Even before the internet, people created new words and invented uses for existing ones. You might be surprised to know that many of the words you use on a regular basis were totally made up at one point.
That’s right, much of our modern language didn’t exist more than a few hundred years ago. So who changed it? Who made up all these words and phrases? Let’s take a look at some people who permanently altered the English language.
Shakespeare was the linguistic equivalent of “if you want it done right, do it yourself.” If there wasn’t an existing word for a concept in his play, he made one up. Shakespeare invented over 400 words that we still use to this day, including obscene, gossip, blanket, critic and gloomy.
Theodor Seuss Geisel, better known as Dr. Seuss, is someone you’d expect to make up words. Some of them are silly, meaningless words such as zummers and sneedle while others have caught on — like nerd. Yes, that’s a Dr. Seuss word. Dr. Seuss didn’t only invent words, he also contributed to changing the reading education system with his books. He created fun rhymes, characters kids loved and a basis for the phonics system used in schools.
Charles Dickens did make up some words, but he’s better known for his language contortions. Dickens was the 19th-century equivalent of a millennial on the internet. Without Dickens popularizing slang in his novels, we would have lost words such as flummox and devil-may-care. He was also the king of turning common nouns into creative adjectives. We can thank Dickens for descriptors such as angry-eyed, hunger-worn, proud-stomached, fancy-dressed, coffee-imbibing and ginger-beery.
You probably know Mary Ann Evans better by her pen name, George Eliot. Her works featured made-up words, but her words were often derived from existing sources. For example, flop was already in use when she coined the usage “floppy.” Luncheon was in existence when she began to use the more specific “lunch-time.” She commonly expanded the definition of words, such as when she used the word Siberia as a metaphor for a remote, undesirable locale and not the specific geographical location.
As the most modern character on this list, John McWhorter didn’t make up language as much as he influenced how we see and use it. McWhorter is a linguist and professor at Columbia University, and the author of “The Language Hoax: Why the World Looks the Same in Any Language.” McWhorter often talks about the meaning of language and how English has evolved and changed over the years—as well as how we adapt with it.

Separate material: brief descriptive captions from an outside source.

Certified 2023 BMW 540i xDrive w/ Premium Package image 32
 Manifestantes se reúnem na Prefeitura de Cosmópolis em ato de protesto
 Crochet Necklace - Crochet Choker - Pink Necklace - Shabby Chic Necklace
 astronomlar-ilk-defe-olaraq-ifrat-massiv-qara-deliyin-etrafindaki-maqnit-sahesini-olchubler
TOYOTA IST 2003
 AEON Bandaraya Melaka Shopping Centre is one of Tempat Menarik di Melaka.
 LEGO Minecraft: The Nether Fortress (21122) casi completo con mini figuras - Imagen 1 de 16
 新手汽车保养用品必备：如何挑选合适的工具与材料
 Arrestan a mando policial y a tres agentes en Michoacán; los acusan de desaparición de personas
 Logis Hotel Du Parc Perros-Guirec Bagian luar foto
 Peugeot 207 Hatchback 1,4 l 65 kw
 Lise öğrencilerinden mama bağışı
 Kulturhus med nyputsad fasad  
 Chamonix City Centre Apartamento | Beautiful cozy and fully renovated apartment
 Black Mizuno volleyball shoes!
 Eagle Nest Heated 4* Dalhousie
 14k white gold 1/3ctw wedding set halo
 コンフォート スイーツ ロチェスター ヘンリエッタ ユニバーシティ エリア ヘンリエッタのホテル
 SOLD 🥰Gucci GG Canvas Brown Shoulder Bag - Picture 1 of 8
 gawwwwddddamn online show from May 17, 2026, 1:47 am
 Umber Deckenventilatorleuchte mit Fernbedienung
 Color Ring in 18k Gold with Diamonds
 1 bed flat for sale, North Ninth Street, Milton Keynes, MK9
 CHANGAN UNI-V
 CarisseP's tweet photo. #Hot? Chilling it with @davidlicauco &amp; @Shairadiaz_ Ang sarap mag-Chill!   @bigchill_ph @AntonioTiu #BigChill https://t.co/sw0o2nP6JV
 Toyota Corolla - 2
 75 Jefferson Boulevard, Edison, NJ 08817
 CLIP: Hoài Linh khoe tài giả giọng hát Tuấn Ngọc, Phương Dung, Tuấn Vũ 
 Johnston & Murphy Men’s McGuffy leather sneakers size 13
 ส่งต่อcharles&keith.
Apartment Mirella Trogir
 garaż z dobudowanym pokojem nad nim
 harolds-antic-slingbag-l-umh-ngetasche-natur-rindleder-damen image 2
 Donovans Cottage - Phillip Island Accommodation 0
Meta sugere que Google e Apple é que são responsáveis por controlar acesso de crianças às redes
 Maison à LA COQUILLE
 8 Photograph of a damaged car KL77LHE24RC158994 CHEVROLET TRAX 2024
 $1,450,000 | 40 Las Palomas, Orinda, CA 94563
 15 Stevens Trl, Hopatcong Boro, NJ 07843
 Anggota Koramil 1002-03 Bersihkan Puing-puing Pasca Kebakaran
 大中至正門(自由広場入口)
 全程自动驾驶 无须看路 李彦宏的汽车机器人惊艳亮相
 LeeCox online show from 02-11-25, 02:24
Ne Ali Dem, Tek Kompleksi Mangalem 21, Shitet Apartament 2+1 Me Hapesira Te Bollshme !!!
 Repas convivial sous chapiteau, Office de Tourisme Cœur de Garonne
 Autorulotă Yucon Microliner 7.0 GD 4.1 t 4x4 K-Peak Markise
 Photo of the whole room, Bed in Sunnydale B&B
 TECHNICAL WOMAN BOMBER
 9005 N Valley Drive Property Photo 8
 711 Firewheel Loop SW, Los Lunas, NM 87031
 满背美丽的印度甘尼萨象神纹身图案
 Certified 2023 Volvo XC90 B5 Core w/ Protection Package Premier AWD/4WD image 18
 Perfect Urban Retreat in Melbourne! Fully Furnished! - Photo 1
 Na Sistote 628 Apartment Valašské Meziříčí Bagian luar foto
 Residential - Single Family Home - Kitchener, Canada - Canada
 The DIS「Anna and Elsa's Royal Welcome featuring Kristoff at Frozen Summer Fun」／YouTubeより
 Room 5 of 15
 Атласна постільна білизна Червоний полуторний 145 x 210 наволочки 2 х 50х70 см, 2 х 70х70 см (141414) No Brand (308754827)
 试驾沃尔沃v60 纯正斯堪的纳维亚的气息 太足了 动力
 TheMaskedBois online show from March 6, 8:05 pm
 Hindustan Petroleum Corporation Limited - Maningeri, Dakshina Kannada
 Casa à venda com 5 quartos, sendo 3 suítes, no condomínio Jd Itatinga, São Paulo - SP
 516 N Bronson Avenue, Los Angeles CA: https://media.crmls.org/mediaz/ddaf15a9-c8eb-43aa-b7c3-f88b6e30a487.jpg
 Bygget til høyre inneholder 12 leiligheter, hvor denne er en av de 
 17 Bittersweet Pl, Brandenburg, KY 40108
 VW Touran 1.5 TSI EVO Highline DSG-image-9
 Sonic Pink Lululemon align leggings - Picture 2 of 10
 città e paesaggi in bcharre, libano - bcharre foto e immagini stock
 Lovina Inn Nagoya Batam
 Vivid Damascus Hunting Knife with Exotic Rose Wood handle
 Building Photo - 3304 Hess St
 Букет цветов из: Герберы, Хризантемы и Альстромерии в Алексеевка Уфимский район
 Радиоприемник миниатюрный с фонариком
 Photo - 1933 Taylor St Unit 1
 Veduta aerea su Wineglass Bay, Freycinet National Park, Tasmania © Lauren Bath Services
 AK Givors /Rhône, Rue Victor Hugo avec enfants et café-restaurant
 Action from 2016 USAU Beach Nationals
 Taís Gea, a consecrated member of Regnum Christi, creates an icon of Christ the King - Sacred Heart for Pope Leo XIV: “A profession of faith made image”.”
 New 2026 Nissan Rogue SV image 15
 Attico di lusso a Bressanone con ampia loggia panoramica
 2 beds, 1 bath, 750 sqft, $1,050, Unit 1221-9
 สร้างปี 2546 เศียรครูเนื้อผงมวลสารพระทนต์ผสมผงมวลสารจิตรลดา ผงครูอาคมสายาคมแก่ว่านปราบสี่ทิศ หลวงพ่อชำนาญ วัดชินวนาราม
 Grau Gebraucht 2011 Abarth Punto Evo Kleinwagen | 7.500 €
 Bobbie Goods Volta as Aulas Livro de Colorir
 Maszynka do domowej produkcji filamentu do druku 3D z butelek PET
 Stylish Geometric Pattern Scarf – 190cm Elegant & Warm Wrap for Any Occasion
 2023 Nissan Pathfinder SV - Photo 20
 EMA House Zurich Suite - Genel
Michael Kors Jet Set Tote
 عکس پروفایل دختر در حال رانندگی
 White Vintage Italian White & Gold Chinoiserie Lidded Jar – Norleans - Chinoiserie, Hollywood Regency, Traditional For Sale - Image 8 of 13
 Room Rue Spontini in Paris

Gertrude Stein is known for her experimental poetry and ideas. At the time she was writing, publishers rejected her words as nonsensical while many other writers absorbed and admired them. While her writing can now be treasured as psychological, complex work, one of her greatest contributions to the English language might be in the “salons” she hosted at her Paris apartment during World War I and II. These parties were host to expatriate American and British authors, James Joyce, Ernest Hemingway, F. Scott Fitzgerald and Sherwood Anderson.
It’s hard to narrow the scope of English language influence to a mere few people—it extends far beyond the ones on this list. Language as a whole never stops evolving. It changes according to our needs and practices, and it shows no signs of stopping. Keep reading and writing — there may be people alive today who become as linguistically influential as Shakespeare.